An amnestic functor is a functor $U : \mathcal{D} \to \mathcal{C}$ (between strict categories) that reflects identity morphisms: more precisely, for any isomorphism$f\colon a \to b$ in $\mathcal{D}$, if $U a = U b$ and $U f = id_{U a}$, then $a = b$ and $f = id_a$.

If we follow the principle of equivalence and refuse to state equations between objects, then the closest thing to this that we can say is that if $U a \cong U b$ (say via $g\colon U a \to U b$) and $U f = g \circ id_{U a}$ (which is a trivial hypothesis, since $g$ can simply be $U f$), then $a \cong b$ (say via $h\colon a \to b$) and $f = h \circ id_a$ (which is a trivial conclusion, since $h$ can simply be $f$.) Thus, this is really a property of strict functors between strict categories. Or to put it another way, if $U\colon \mathcal{D} \to \mathcal{C}$ is any functor, then there exist equivalent categories$\mathcal{D}' \simeq \mathcal{D}$ and $\mathcal{C}' \simeq \mathcal{C}$ such that the composite $\mathcal{D}' \to \mathcal{D} \overset{F}\to \mathcal{C} \to \mathcal{C}'$ is amnestic.

Properties

An amnestic full and faithful functor is automatically an isocofibration, i.e. injective on objects: if $U D' = U D$, then there is some isomorphism$f : D' \to D$ in $\mathcal{D}$ such that $U f = id_{U D}$, but then we must have $f = id_{U D'} = id_{U D}$, so $D' = D$.
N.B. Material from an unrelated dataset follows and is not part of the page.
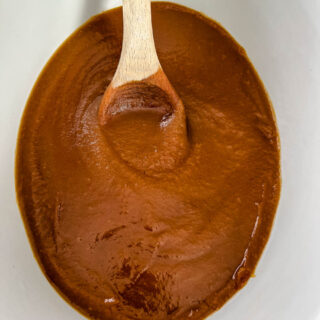 sugar free apple butter in a slow cooker with a wooden spoon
An amnestic isofibration has the following lifting property: for any object $D$ in $\mathcal{D}$ and any isomorphism $f : C \to U D$ in $\mathcal{C}$, there is a unique isomorphism $\tilde{f} : \tilde{C} \to D$ such that $U \tilde{f} = f$. Indeed, if $\tilde{f}' : \tilde{C}' \to D$ were any other isomorphism such that $U \tilde{f}' = f$, then $U (\tilde{f}^{-1} \circ \tilde{f}') = id_C$, so we must have $\tilde{f} = \tilde{f}'$.

If the composite$U \circ K$ is an amnestic functor, then $K$ is also amnestic.

Examples

Any strictly monadic functor is amnestic. Conversely, any monadic functor that is also an amnestic isofibration is necessarily strictly monadic.